The exhibit was a culmination of a semester’s worth of work for students.

Erin Adler

Robots normally make life easier, but they did just the opposite for a group of students in the Introduction to Engineering course (ME 2011).

About 225 students, mostly from the Institute of Technology, displayed their final projects Monday afternoon at McNamara Alumni Center.

The Shaqbot, a shot-firing, ball-recovering robot with light emitting diodes for eyes, took engineering sophomore Chris Engelmann about 50 hours to complete, but being done with the “big finale” felt good, he said.

“I kind of hated the project all the way through, but once you get it done, you’re pretty proud of it,” he said. “It makes it worth it.”

The projects highlighted students’ ability to design, construct, test and demonstrate their robotic creations to the public, said professor Will Durfee, director of design education.

The show, which is open to the public, gives students a chance to talk about their work, he said.

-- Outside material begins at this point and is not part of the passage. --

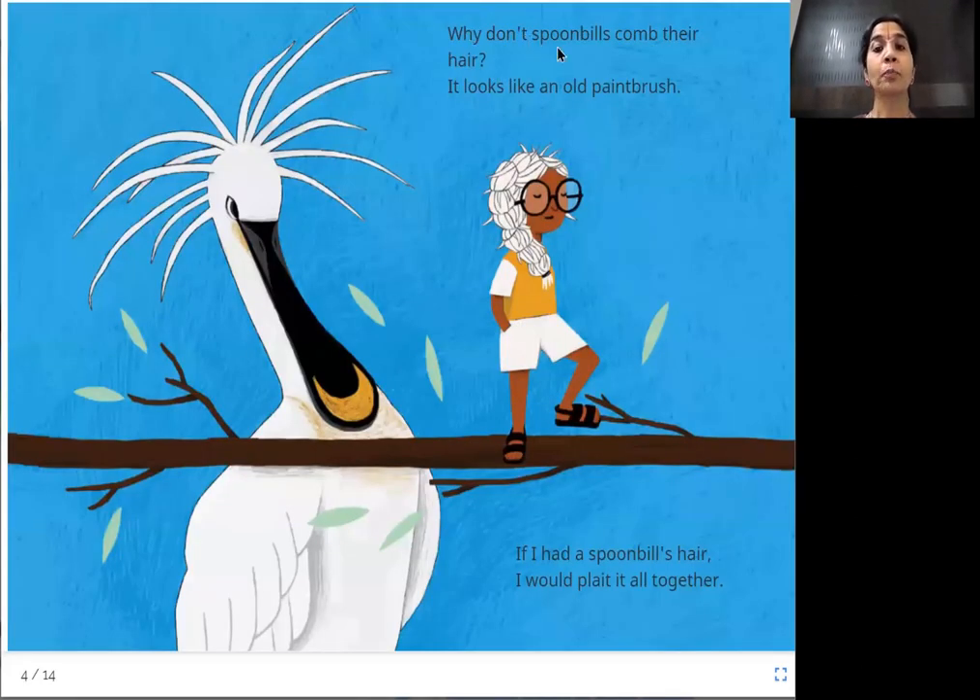Why don't spoonbills comb their hair? It looks like an old paintbrush. The spoonbill is named for its flat, spoon-shaped beak. Its hair looks like the bristles of a paintbrush. The boy says if he had a spoonbill's hair, he would plait it all together into a braid.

“It’s a chance for the Institute of Technology and the University to show the community the innovative students we have here,” Durfee said.

The robots themselves ” many assembled with hot glue, solder, duct tape and powered by 9-volt batteries ” gave only a glimpse into the depth of the project. Each student also showcased the design steps, including schematic drawings, circuit maps and computer codes.

The project is one of the few in the department that requires students to work alone instead of in a group.

Engineering sophomore Joseph DeVeau built a model of a human hand, which manipulated fingers in sequence based on computer code. He combined his engineering know-how with handiwork he learned as a bicycle repairman to create tendons from brake lines and muscles from rubber bands.

He even threw in some elbow grease to keep his costs ” limited to $30 ” low when he purchased the electric motors.

“They were moving the store, so I helped for a couple hours and they gave me a nice discount,” he said.

Architecture senior Angela Miller took the course because it offered a more hands-on approach, she said. She built a hands-free hammer, which was much louder than mechanical engineering senior Jessie Hakes’ hands-free handcart.

Industry experts accounted for many of the 187 judges at the show.

Jim Fairman, president of Bloomington-based Pando Technologies, said the students’ creativity was impressive.

“After you’ve been in business for a while, you start to think things are not possible,” he said. “Students have no such fear, everything’s possible to them and you see that here.”